Before you can really evaluate your security posture, you’ve got to see if you have an adequate security policy. If you don’t have a security policy in place, now is the time to start writing one. The complexity of your organization’s security policy will likely depend on the type of business you do. If you process credit cards, you’ll be held accountable to some pretty strict standards set by the PCI Security Standards Council. On the other hand, if you’re a manufacturer of scratch and sniff stickers, your security standards may not need to be as stringent (maybe they will be – what do I know about scratch and sniff?). In any case, if you’ve got a computer network – no matter if it’s a handful of workstations or thousands of machines – you should still have a security policy in place.
You can find some great policy examples on the SANS (SysAdmin, Audit, Network, Security) Institute website located here.
Below is a brief list of “basic” security requirements most any business should have. This should help you get started in writing your overarching policy.
Getting Started - What to Include in a Security Policy
- 8+ characters in length
- Mix of upper\lower case letters, numbers and symbol
- No dictionary words or names
- Forced password changes on set schedule (6 months or less)

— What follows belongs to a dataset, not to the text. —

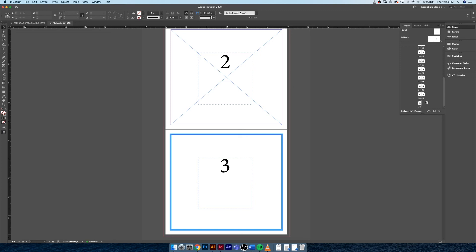So just make sure that whatever document you're going to be setting up where you need it to be printed as a booklet, it's divisible by four. With that being said, I will catch you guys in the next video where I go over print booklet options. See you then.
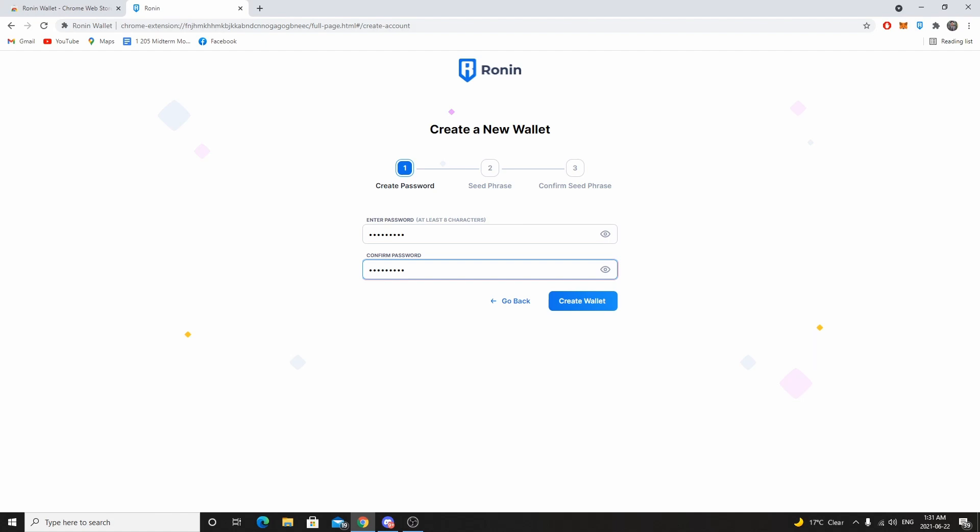The first thing you'll get is the 'Create a wallet' page. The first step is creating a password — enter your password and confirm it by entering the same thing again. Once that's done, click 'Next' and then 'Create wallet.'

- Passwords for core infrastructure will be unique for each device\system
- Passwords are not shared amongst users
- Restrict access to company resources based on least privilege need – if someone only needs read access, don’t give them write access to a resource
- All assets and resources are properly password protected
- User accounts are not shared amongst users
- Only corporate assets are allowed on the network
- Guest access will be limited to a DMZ with no access to corporate resources
- Unused data ports will be disabled
- Locations with critical data or assets such as servers, financial or other confidential or proprietary information shall be physically secured by key or card access
- Only authorized personnel will have access to secure physical locations
- Web surfing will be limited to business purposes only
- Email will be limited to business purposes only
- Wireless access points are not to be set up unless authorized by corporate IT
- Strong encryption methods (WPA2, WPA2 Enterprise) will be used at all times on corporate access points
- Strong WPA keys will be used
- Security software will be installed and maintained by corporate IT including antivirus and anti-malware software
- Security software must remain installed and running at all times
- Computers will be patched on a regular basis in order to obtain security fixes
Other things to include in your policy
- Responsibility – who is responsible for what? Does IT enforce policy or create and enforce policy? Do you have a separate security group that will handle security incidents? How is HR involved?
- Security incidents – how will incidents be handled? Will the same process be used for handling a virus outbreak versus an intrusion?
There are so many things you could include in a policy - it’s not possible to list them all here. There are some good books on this subject and as I pointed out before, the SANS Institute is a great starting place to get templates and ideas for writing your security policy.